Christopher Karachale: For that listener, the answer is no. I'm sorry. There's a three-year statute of limitation where you can go back and amend your returns to claim those refunds. So, you know, we work with a lot of founders and early employees and the IRS is not really auditing QSBS really. That may change and the IRS may start looking certainly with the funding, and again, I'm not suggesting anybody on this call, you know, play the audit lottery. You should know if it's QSBS or not. And as Ann said, talk with your accountant or get your tax attorney or somebody. But the issue is this, if you go ahead and file QSBS and take the exclusion, when you sell now, you know, I think the audit risk is pretty low and if you know it's QSBS, you're in good shape.

People when they go back and ask for a refund though, you know, if you ask for a $2 million refund from the IRS, your figure's on $10 million, you're avoiding tax on $2.34 million. The IRS, they're very nice people, but they don't necessarily like to give back large chunks of money without making sure that the person qualifies for that refund. So, if you're going to go back and claim and ask for the refund, you really have to make sure all these boxes are checked. So, even if it qualifies, the question is, are you prepared to go through an audit? Defend that, and make sure you can prove out every one of these elements really closely because I think asking for a refund, you're going to have to really prove it. So, make sure your ducks are all lined up.

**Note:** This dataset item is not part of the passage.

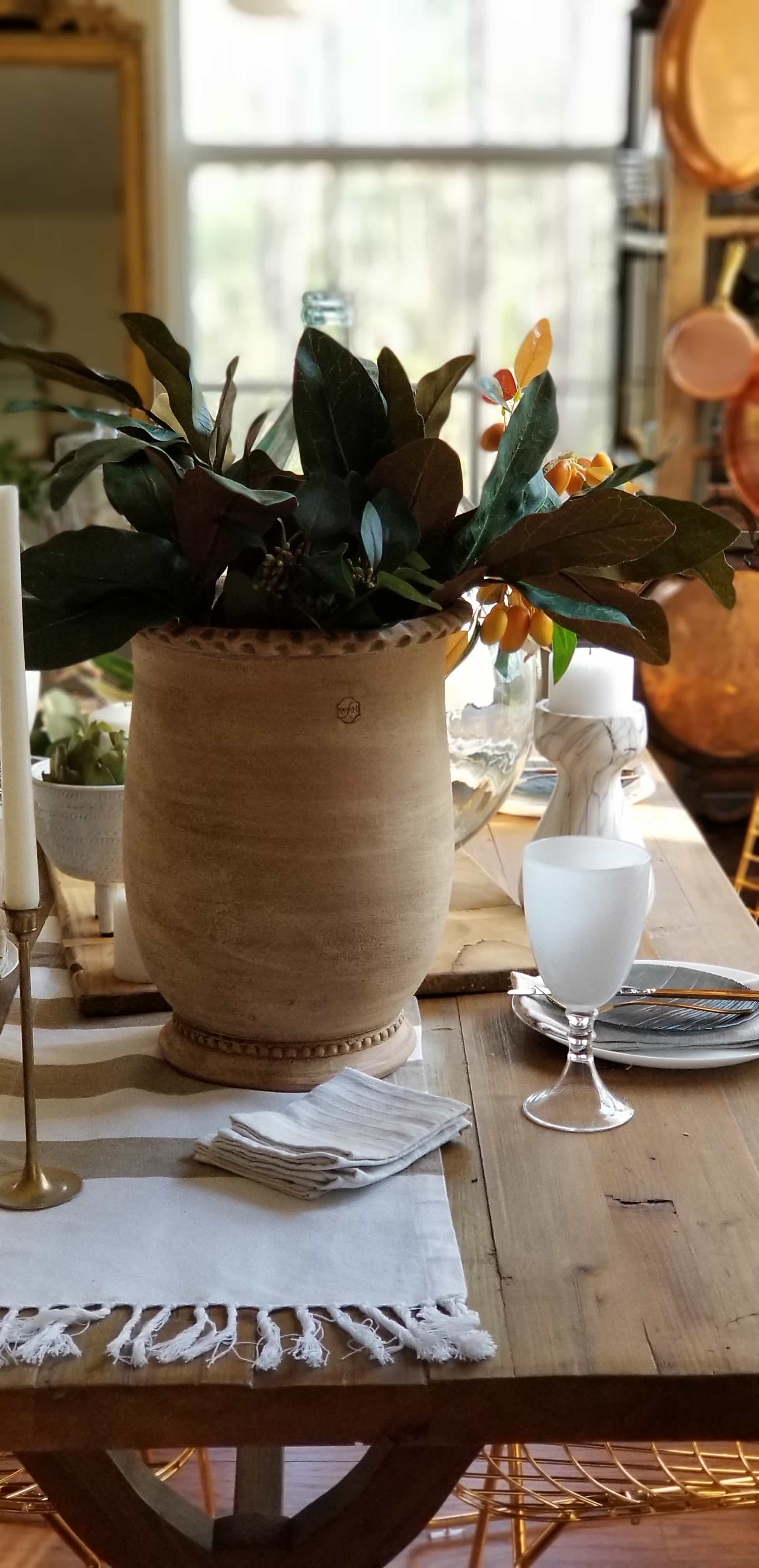 Rustic Modern European Boho Mediterranean Farmhouse Glam Dining Room Table Tablescape Joss & Main Gold Chair Terra Cotta Pots Glass Bottle Wood White Flowers Magnolia Eucalyptus Mango Stem Decor Design Inspiration Spring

Ann Lucchesi: Yeah. And I would agree. I have seen it done by the way, just in case anyone wonders. In 2018, we had a client who had not gotten advice around it and did go back and file the previous year's return and was able to claim it, but he definitely had his ducks lined up, as you might say. So, I think we're going to wrap it up. I want to thank all of you for joining us today. I hope you have found this informative. Our next webinar will focus on advanced equity compensation issues that private companies run into.

Please send us any questions, issues that you think we should answer in our follow-up survey here, and it's dropped into the chat, and then we can include that in our next webinar. Thank you all for attending, and thank you all of you experts out there that helped me with this.